YOUR ASSIGNMENT:
Output only the lines below from the one holding "Main picture of 2201 15th St - 4" down to the one holding "Apartments Sanja Hvar Town Exterior photo", both end lines included and every picture dropped.

SOURCE DATA:
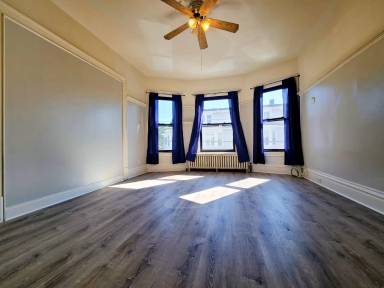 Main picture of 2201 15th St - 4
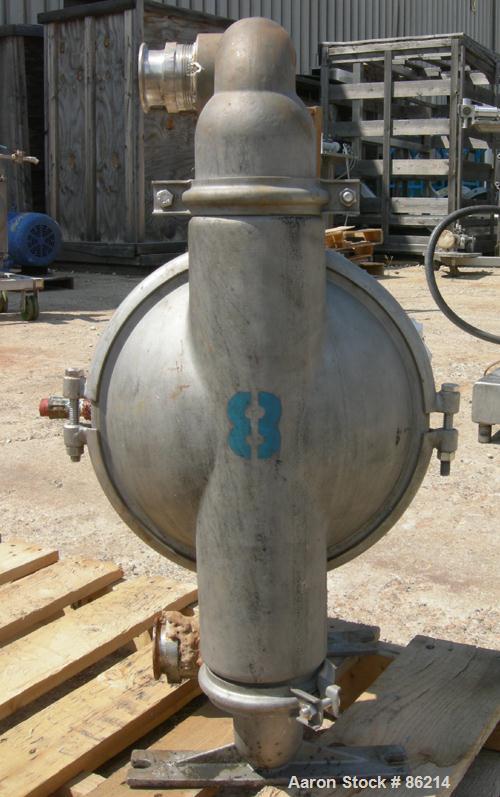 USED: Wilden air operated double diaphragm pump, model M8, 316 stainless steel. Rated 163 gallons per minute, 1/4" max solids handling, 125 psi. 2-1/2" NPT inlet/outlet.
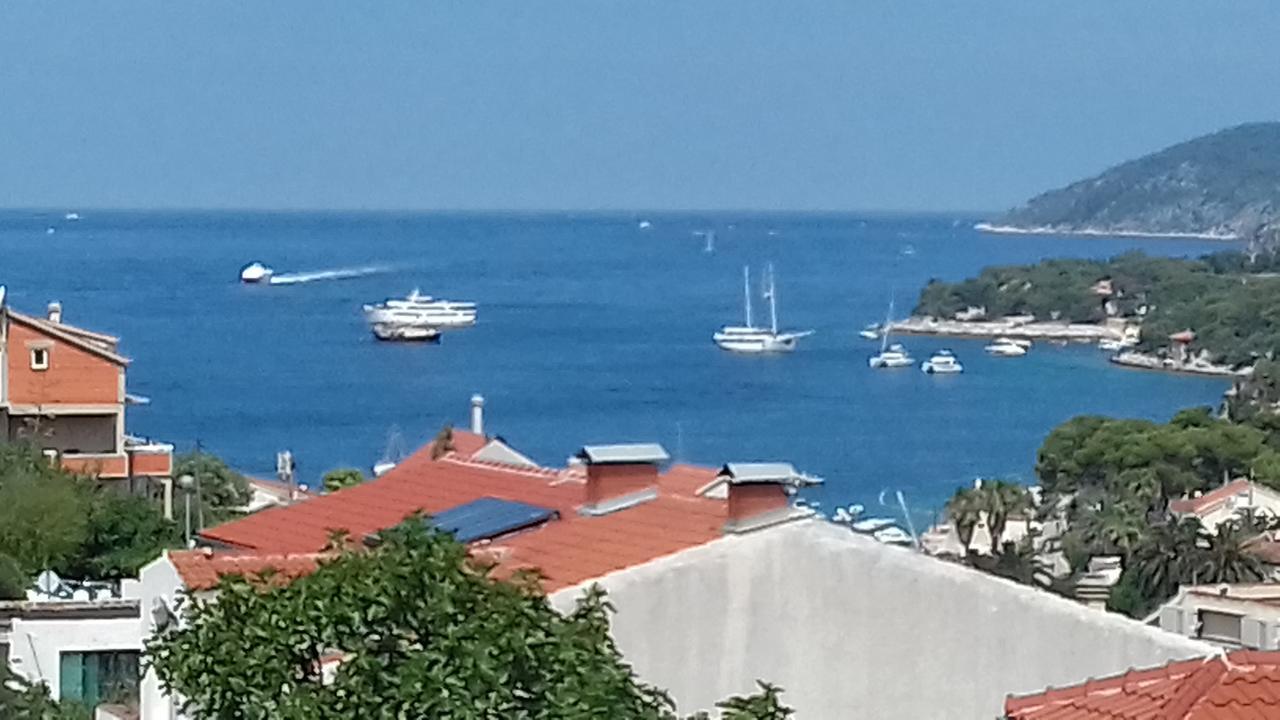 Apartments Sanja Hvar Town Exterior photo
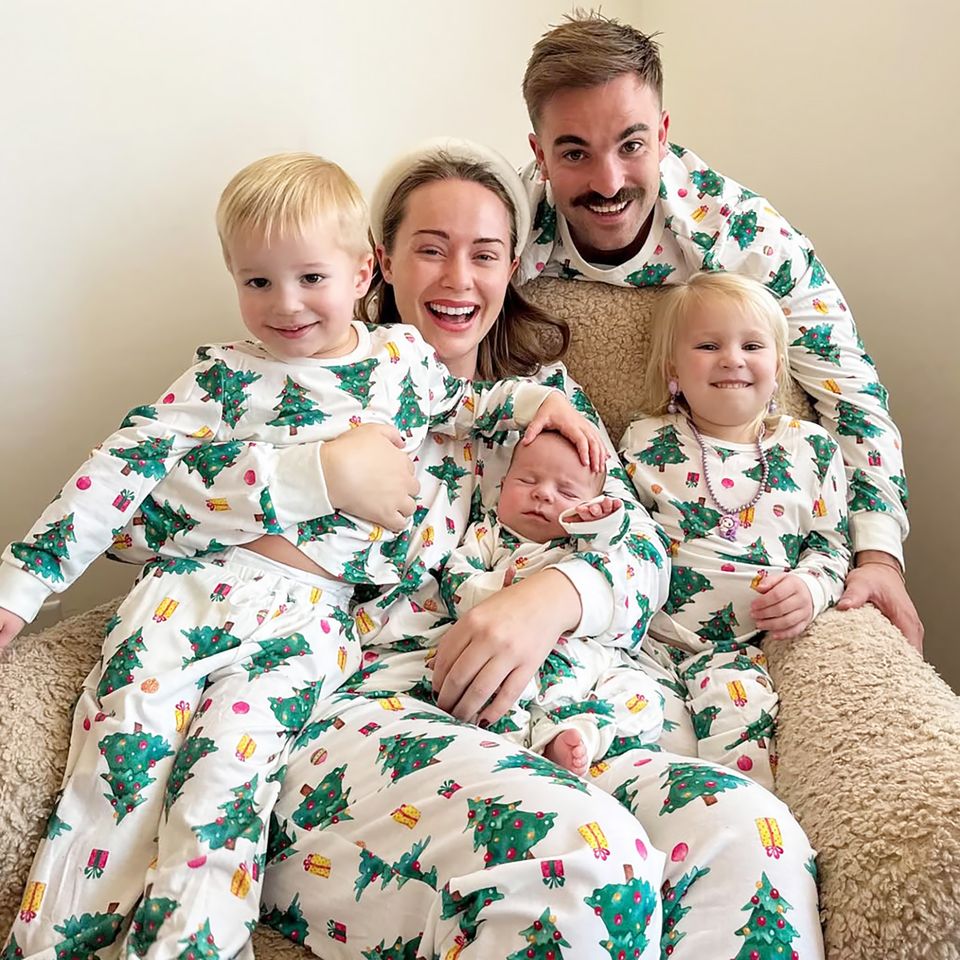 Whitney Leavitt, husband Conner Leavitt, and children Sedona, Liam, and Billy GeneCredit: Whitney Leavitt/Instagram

...

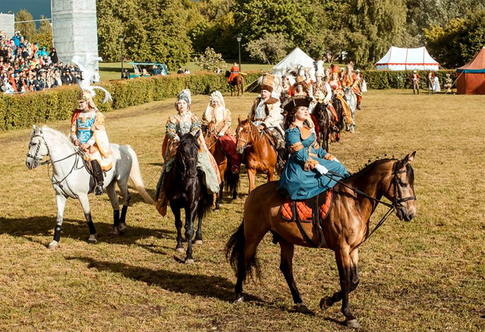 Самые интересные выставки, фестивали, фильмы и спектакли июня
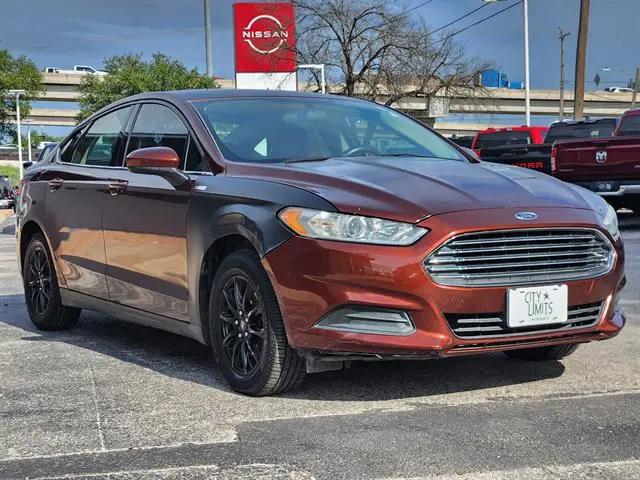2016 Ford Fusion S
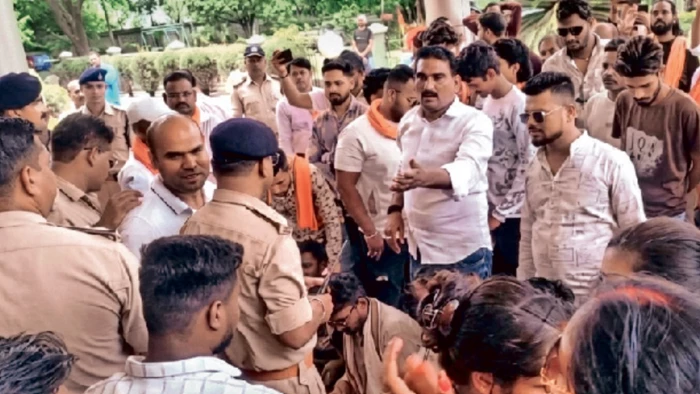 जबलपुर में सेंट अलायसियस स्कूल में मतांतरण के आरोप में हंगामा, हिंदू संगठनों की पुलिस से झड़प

ANSWER FOR THIS EXERCISE:
 Main picture of 2201 15th St - 4
 USED: Wilden air operated double diaphragm pump, model M8, 316 stainless steel. Rated 163 gallons per minute, 1/4" max solids handling, 125 psi. 2-1/2" NPT inlet/outlet.
 Apartments Sanja Hvar Town Exterior photo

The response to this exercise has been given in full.